Top of SUPPLIED INFORMATION

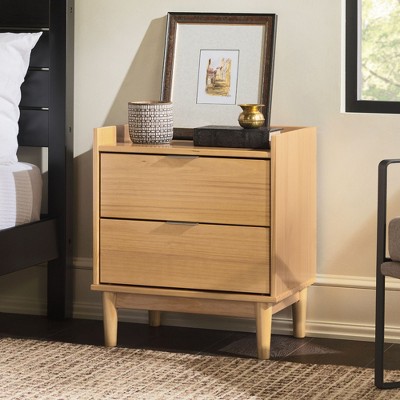Okak 2-Drawer Bedside Table Mid-Century Modern, Solid Wood Accent Nightstand with Easy-Pull Drawers for Bedroom Small Spaces, Natural Wood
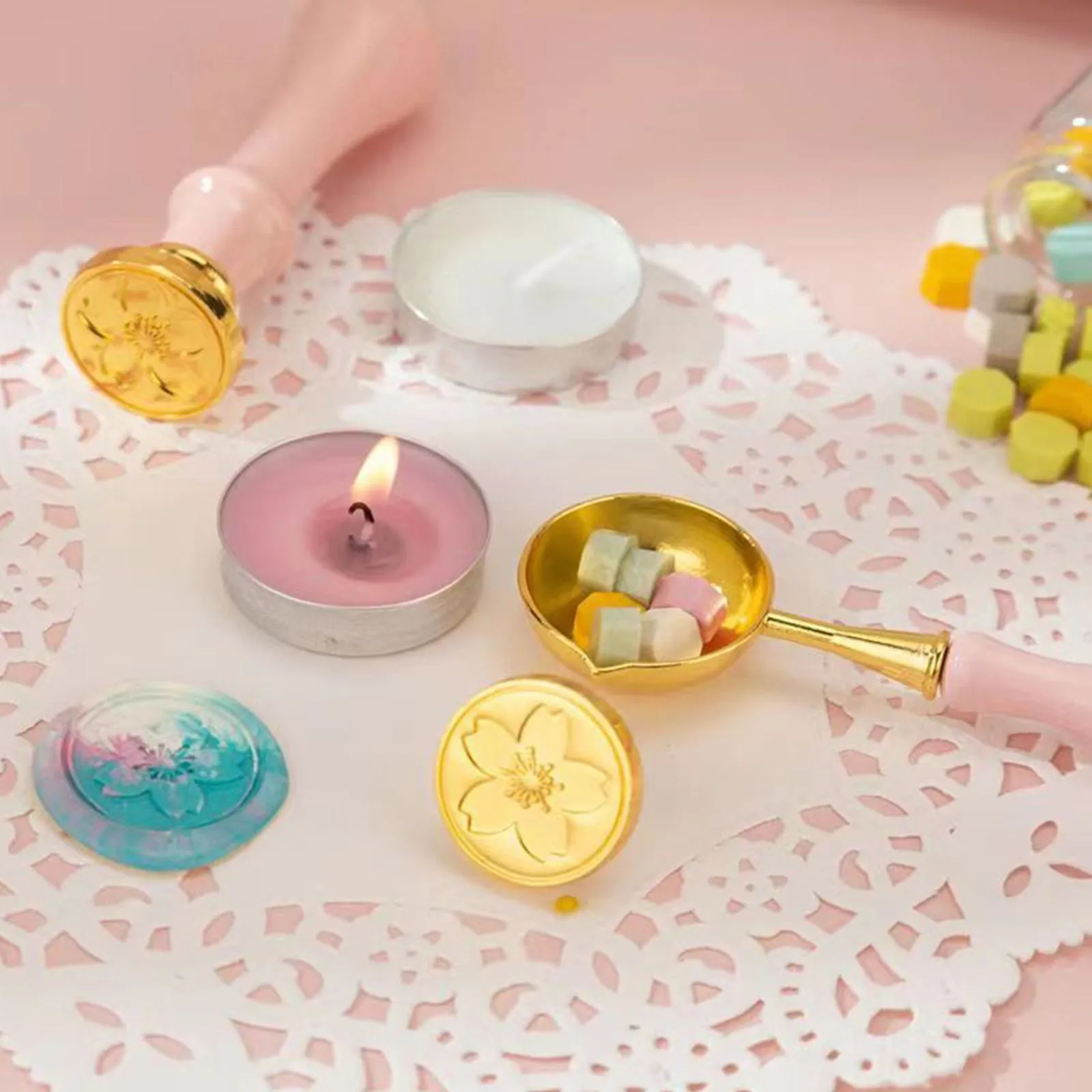 Preschool Christmas Crafts Kits Envelope Sealing Diy Lacquer Seal Complete Set Of Wax Melting Wax Seal Ink Stamp Shapes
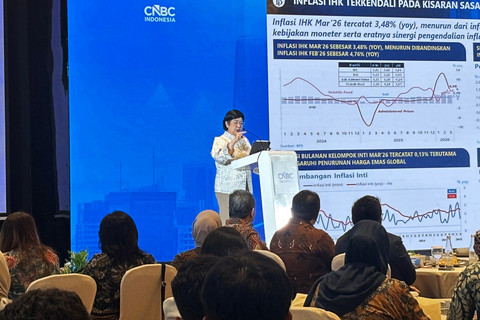 Deputi Gubernur Senior Bank Indonesia Destry Damayanti dalam acara Central Banking Forum 2026, Senin (13/4/2026). Foto: Ave Airiza Gunanto/kumparan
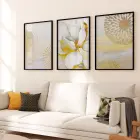 Gold Çiçekler Temalı Üçlü Metal Çerçeveli Tablo Seti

Bottom of SUPPLIED INFORMATION

> _WORK TO COMPLETE_
Print the listing exactly, but skip its pictures.

> _WRITTEN SOLUTION_
Okak 2-Drawer Bedside Table Mid-Century Modern, Solid Wood Accent Nightstand with Easy-Pull Drawers for Bedroom Small Spaces, Natural Wood
 Preschool Christmas Crafts Kits Envelope Sealing Diy Lacquer Seal Complete Set Of Wax Melting Wax Seal Ink Stamp Shapes
 Deputi Gubernur Senior Bank Indonesia Destry Damayanti dalam acara Central Banking Forum 2026, Senin (13/4/2026). Foto: Ave Airiza Gunanto/kumparan
 Gold Çiçekler Temalı Üçlü Metal Çerçeveli Tablo Seti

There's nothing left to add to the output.